> _Work to be completed_
Copy the lines below that contain "Cotton".

> _Material for this exercise_
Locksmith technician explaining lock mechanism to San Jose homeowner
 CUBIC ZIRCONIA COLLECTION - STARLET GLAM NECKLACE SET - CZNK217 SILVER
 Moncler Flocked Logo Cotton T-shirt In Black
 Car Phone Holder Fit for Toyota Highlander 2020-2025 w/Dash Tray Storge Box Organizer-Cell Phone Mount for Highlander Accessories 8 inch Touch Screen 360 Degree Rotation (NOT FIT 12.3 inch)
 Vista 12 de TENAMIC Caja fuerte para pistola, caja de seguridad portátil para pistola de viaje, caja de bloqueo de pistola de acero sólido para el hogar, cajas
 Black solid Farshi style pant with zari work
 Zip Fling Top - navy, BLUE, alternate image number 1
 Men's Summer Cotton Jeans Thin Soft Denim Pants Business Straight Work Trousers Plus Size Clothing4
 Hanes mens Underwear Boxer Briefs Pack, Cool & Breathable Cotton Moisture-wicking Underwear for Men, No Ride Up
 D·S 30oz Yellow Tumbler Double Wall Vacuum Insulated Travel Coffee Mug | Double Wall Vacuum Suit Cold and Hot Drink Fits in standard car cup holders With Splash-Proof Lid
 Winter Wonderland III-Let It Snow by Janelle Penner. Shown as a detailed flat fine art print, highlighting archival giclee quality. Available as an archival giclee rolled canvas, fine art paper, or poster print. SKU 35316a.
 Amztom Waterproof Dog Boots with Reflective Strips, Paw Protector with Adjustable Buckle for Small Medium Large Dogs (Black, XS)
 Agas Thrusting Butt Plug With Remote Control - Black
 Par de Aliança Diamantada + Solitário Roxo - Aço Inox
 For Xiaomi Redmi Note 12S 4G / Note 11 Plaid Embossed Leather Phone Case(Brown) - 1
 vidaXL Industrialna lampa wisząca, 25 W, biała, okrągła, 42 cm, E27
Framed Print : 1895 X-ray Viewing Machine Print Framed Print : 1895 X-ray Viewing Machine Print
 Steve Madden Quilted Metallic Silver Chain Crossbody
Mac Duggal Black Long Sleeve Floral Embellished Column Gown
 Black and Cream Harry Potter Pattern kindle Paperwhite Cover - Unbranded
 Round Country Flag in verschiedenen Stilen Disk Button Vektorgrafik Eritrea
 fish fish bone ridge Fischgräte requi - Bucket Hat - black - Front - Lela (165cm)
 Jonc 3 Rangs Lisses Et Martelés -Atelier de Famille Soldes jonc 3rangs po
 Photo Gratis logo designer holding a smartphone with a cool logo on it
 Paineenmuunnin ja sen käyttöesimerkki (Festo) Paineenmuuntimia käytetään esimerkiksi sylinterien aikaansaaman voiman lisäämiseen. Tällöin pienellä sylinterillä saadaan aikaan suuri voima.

> _Output for this task_
 Moncler Flocked Logo Cotton T-shirt In Black
 Men's Summer Cotton Jeans Thin Soft Denim Pants Business Straight Work Trousers Plus Size Clothing4
 Hanes mens Underwear Boxer Briefs Pack, Cool & Breathable Cotton Moisture-wicking Underwear for Men, No Ride Up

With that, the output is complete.